Path Traced Sponza scene.


Render Loop
At the start of the demo (or after any camera movement/lighting changes), a structured buffer, Ray Buffer, is initialized with 1 ray per pixel using the camera transform.
The struct stored in Ray Buffer, not tightly packed for easier understanding.
Then a ray generation shader is dispatched to read the Ray Buffer and trace rays into the scene. Lighting is calculated and generate new Ray Buffer elements if the rays are not terminated and continue the path tracing in the next frame. Below is a simplified flow of the rendering operation executed every frame (with render passes on the left and resources on the right):

A simplified path tracing flow executed every frame
Let's start with the usage of resources in the above flow chart first:
  • Ray Buffers are structured buffers storing the RayData struct. A ray will be traced for each element and if the ray is not terminated by Russian Roulette, it will be stored back to the Ray Buffer for the next frame.
  • Lighting Path Texture is used for accumulating the lighting result when a ray is traversing along the path from the camera. It can be think of an intermediate result because the path is not fully traversed within a single frame, but across several frames.
  • Progress Buffer is a 8 bytes buffer, with 4 bytes storing the current path depth and other 4 bytes storing the total accumulated sample count.
  • Lighting Sample Texture is used for accumulating the lighting result of all the terminated rays (i.e. accumulating all the terminated ray result from Lighting Path Texture).
About operation done in each render pass:
  1. Ray Tracing Pass dispatch a ray generation shader, sampling the Ray Buffer according to the DispatchRaysIndex() and then calling TraceRay() to calculate the lighting result inside the closest hit shader by randomly choosing diffuse or specular lighting (another shadow ray is traced towards light source during lighting calculation).
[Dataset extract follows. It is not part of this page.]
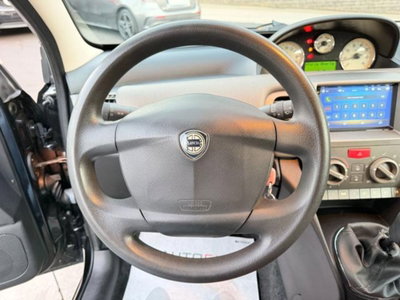 Lancia Ypsilon 16V Oro (7)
The lighting result is added to Lighting Path Texture and non-terminated ray will be stored back into Ray Buffer for next frame.
  2. Checking whether all rays are terminated by using D3D12 predicate on the counter buffer of Ray Buffer (i.e. all rays terminated when counter == 0). Then different shader/operation will be executed depends on whether the Ray Buffer is empty.
  3. When there are still rays not terminated, increase the path depth in Progress Buffer.
  4. When all rays are terminated, increase the sample count and set path depth to 0 in Progress Buffer.
  5. Accumulate the current path lighting result in Lighting Path Texture to Lighting Sample Texture. Clear the Lighting Path Texture to 0 (it is cleared via compute shader instead of command list clear as the predicate does not work on the clear API, despite the spec say it would...)
  6. Regenerate the rays in Ray Buffer with 1 ray per pixel using the camera transform for path tracing new lighting samples in next few frames. 
  7. Display the current lighting result to the back buffer.
Path traced images

With the core operations described above, at most 2 rays per pixel can be launched to maintain an interactive frame rate on my GTX1060. On more powerful machines (i.e. RTX cards with hardware accelerated ray tracing), step 1 don't need to be terminated with the first closest hit, but bounce a few more times before storing back to the Ray Buffer (A "#Bounce/Frame" option is added to increase the number of bounce per frame for RTX cards).
Number of bounce per frame option to adjust performance
The current approach described above has 2 drawbacks: First, we don't know how many rays are still left in Ray Buffer on CPU, DispatchRay() is called with the maximum number of rays (i.e. viewport width * height), and terminate early within the ray generation shader. This can be fixed in DXR Tier 1.1 using ExecuteIndirect() in the future. The second drawback is the performance is not constant across several frames, because the number of rays need to be traced decrease every frame and then reset back, so the frame rate fluctuate.

ACES tone mapping
After calculating the HDR lighting value, we need to perform a tone map pass to map the lighting value to a displayable range. ACES tone mapping is chosen due to its popularity in recent years. ACES has a few tone mapping curves (they call it RRT + ODT) for different display with different color gamut and viewing condition. Some common display types are sRGB_100nit and Rec709_100nit. The input of RRT+ODT function expect RGB values in ACES2065-1 (AP0) gamut with a white point around(but not exact) D60. So we need to convert our lighting value (L_sRGB) to AP0 gamut by multiplying a few transformation matrices:
operation to convert RGB value from sRGB to AP0
The above steps means first transforming sRGB values to XYZ color space with D65 white point (gamut transformation matrices can be calculated using the formula from here), then apply a Chromatic Adaption Transform(CAT) due to different white point between sRGB and AP0 (the matrix can be calculated using the formula from here). Finally, the XYZ value can be transformed to AP0 gamut. All these matrices can be combined to perform 1 matrix-vector multiplication as an optimization. Then this value can be feed into ACES RRT+ODT to compute the back buffer value for display.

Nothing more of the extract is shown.